• _RECORD EXCERPTS_:
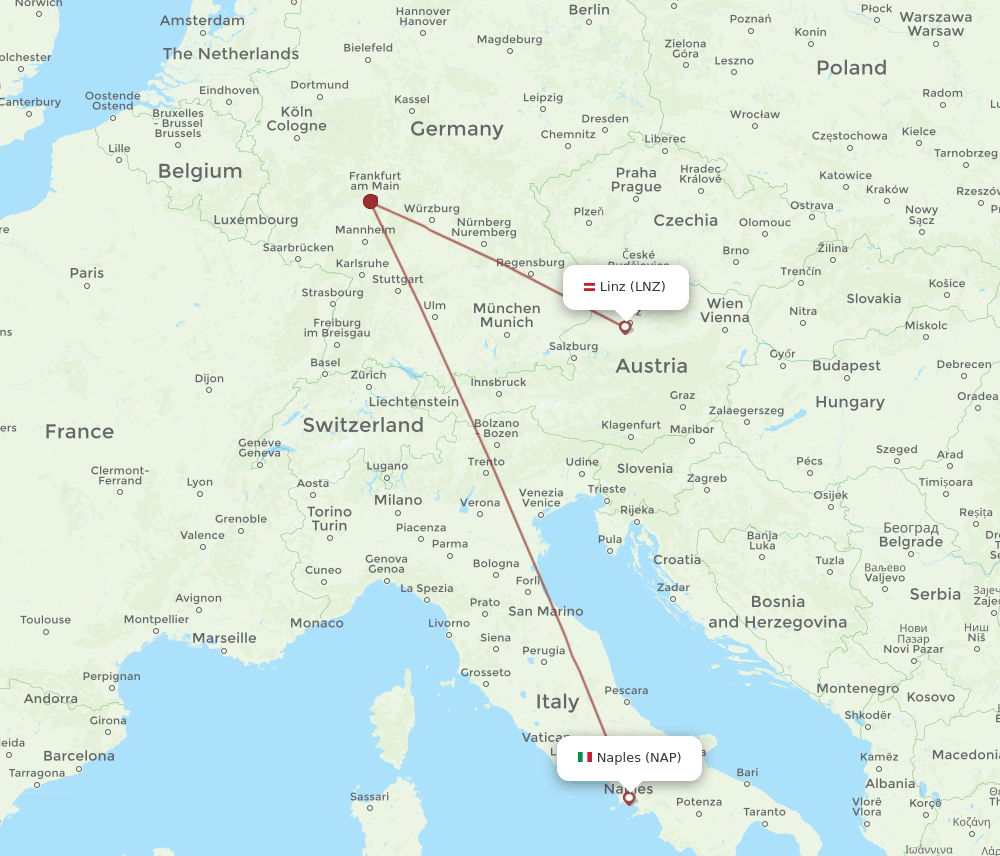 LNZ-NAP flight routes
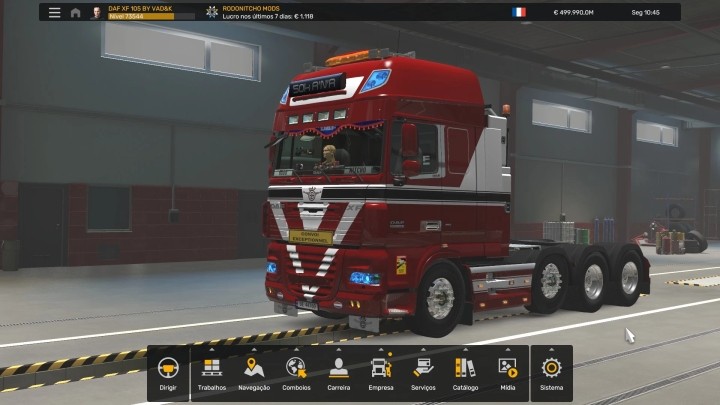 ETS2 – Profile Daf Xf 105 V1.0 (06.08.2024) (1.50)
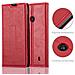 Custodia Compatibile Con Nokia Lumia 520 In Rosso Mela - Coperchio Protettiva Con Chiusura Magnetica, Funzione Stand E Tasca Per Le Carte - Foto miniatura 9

--

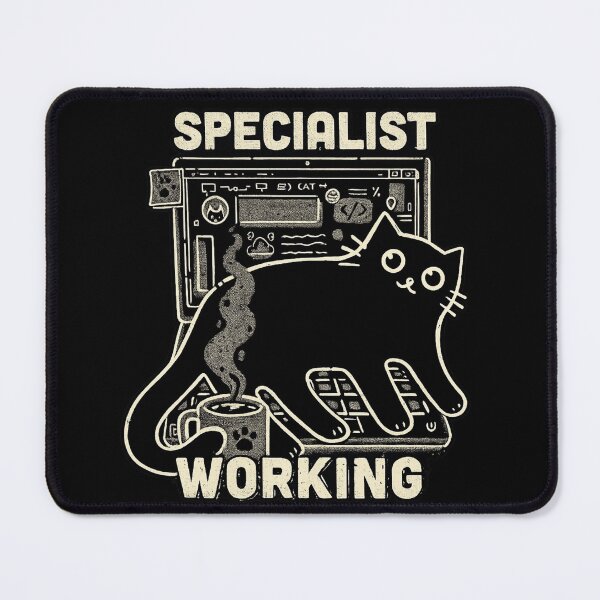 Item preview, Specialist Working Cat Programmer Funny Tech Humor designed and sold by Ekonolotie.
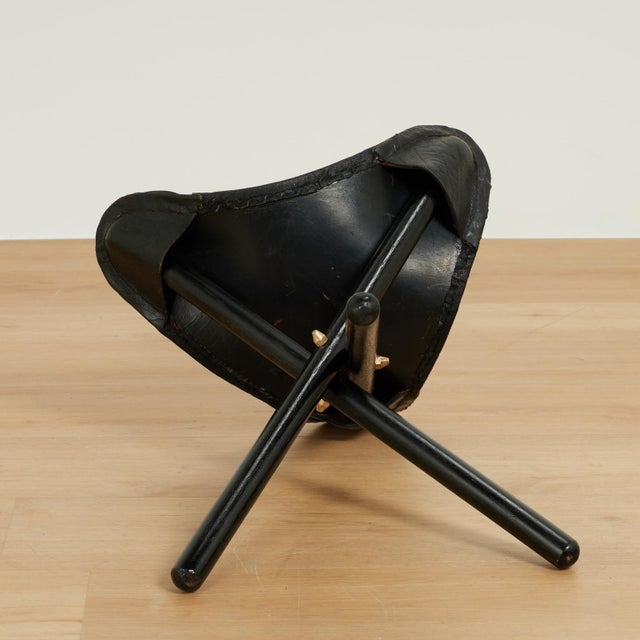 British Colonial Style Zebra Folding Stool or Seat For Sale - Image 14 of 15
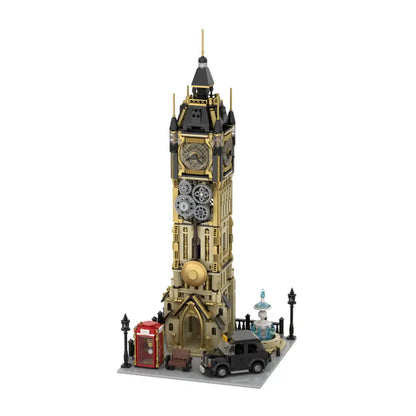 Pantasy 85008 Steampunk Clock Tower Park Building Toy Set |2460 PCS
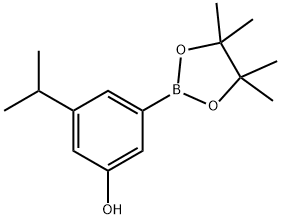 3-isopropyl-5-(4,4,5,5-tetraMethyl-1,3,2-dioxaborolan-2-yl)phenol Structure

• _TASK DESCRIPTION_: Within the data above, repeat exactly the lines from the one bearing "LNZ-NAP flight routes" through the one bearing "Custodia Compatibile Con". Include no pictures and nothing else.

• _RESPONSE_:
 LNZ-NAP flight routes
 ETS2 – Profile Daf Xf 105 V1.0 (06.08.2024) (1.50)
 Custodia Compatibile Con Nokia Lumia 520 In Rosso Mela - Coperchio Protettiva Con Chiusura Magnetica, Funzione Stand E Tasca Per Le Carte - Foto miniatura 9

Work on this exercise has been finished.